Collected material
%%
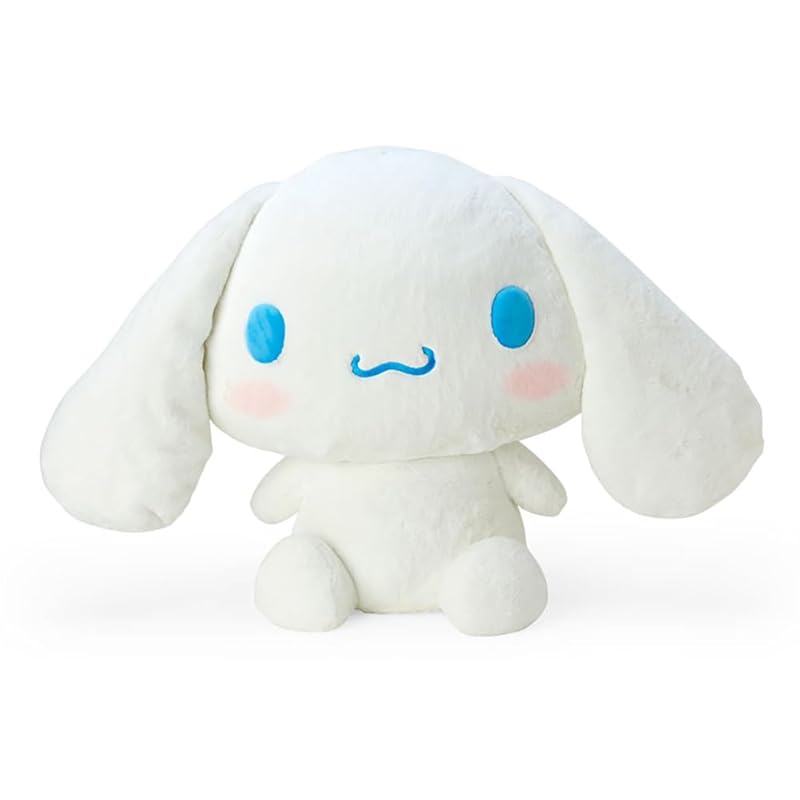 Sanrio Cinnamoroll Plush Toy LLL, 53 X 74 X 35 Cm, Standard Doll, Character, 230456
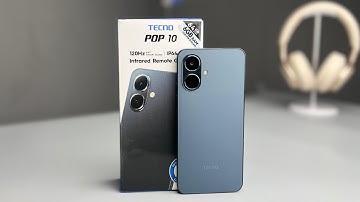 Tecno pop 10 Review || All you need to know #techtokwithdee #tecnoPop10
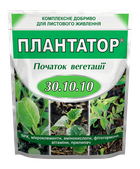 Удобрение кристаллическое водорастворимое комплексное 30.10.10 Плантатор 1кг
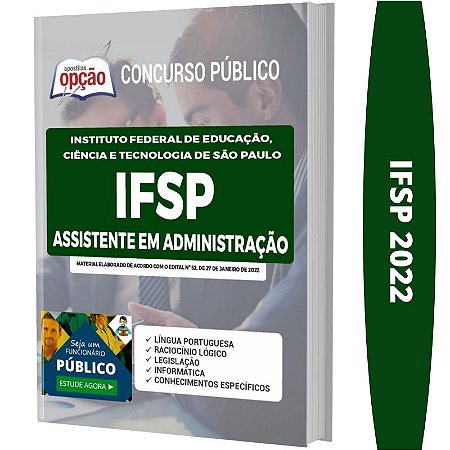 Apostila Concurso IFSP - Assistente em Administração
%%
Work instructions
Everything from the line containing "Tecno pop 10" through the end of the data should be printed exactly, line for line, except the pictures.

Task result
 Tecno pop 10 Review || All you need to know #techtokwithdee #tecnoPop10
 Удобрение кристаллическое водорастворимое комплексное 30.10.10 Плантатор 1кг
 Apostila Concurso IFSP - Assistente em Administração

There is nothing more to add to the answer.